### [YOUR GOAL]
Look through the records below for the line holding "c语言实现机票管理系统源代码". Write it out exactly, with each following line through the line holding "f:id:watto:20160610224100j:plain".
(STUDY MATERIAL Opens)
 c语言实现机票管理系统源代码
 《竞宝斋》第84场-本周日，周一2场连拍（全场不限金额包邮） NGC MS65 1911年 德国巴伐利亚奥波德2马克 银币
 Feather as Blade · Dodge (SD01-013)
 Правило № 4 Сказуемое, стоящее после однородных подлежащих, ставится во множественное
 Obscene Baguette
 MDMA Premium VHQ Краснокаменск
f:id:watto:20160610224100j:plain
(STUDY MATERIAL Closes)
(STUDY MATERIAL Opens)
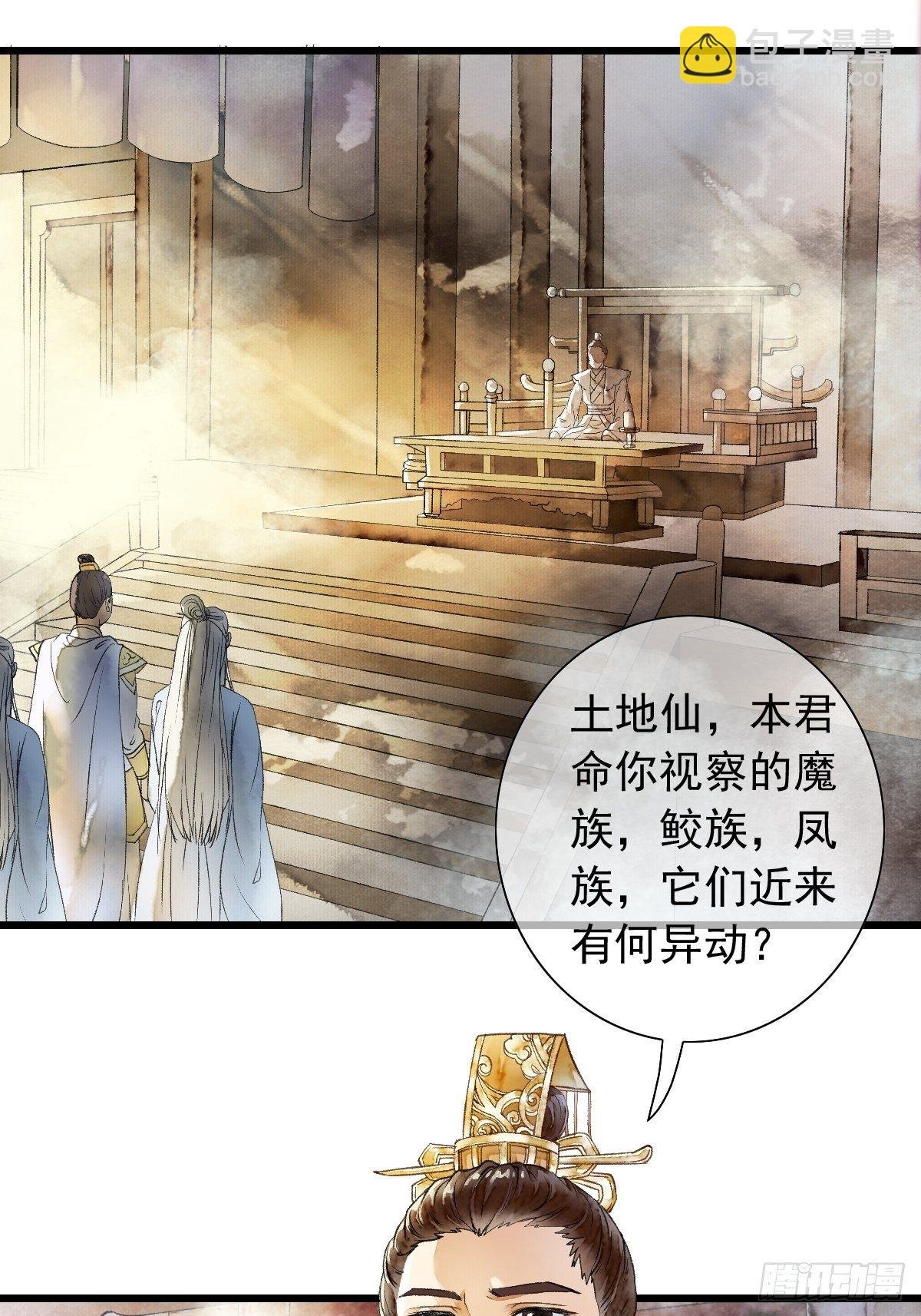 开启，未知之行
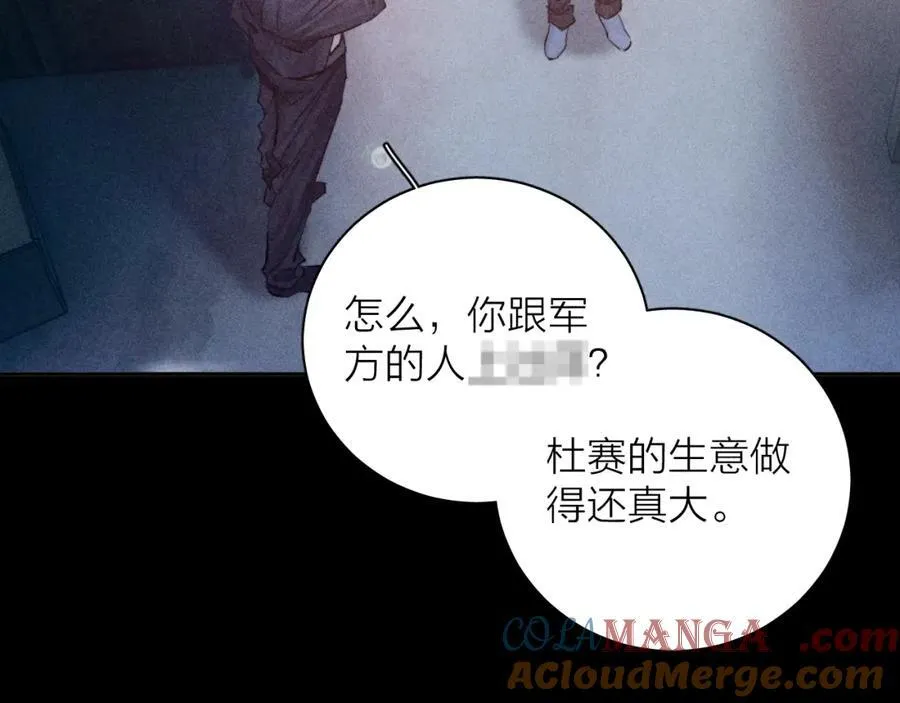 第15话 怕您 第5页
(STUDY MATERIAL Closes)
(STUDY MATERIAL Opens)
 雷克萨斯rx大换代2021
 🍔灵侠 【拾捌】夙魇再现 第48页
(STUDY MATERIAL Closes)
### [YOUR SOLUTION]
 c语言实现机票管理系统源代码
 《竞宝斋》第84场-本周日，周一2场连拍（全场不限金额包邮） NGC MS65 1911年 德国巴伐利亚奥波德2马克 银币
 Feather as Blade · Dodge (SD01-013)
 Правило № 4 Сказуемое, стоящее после однородных подлежащих, ставится во множественное
 Obscene Baguette
 MDMA Premium VHQ Краснокаменск
f:id:watto:20160610224100j:plain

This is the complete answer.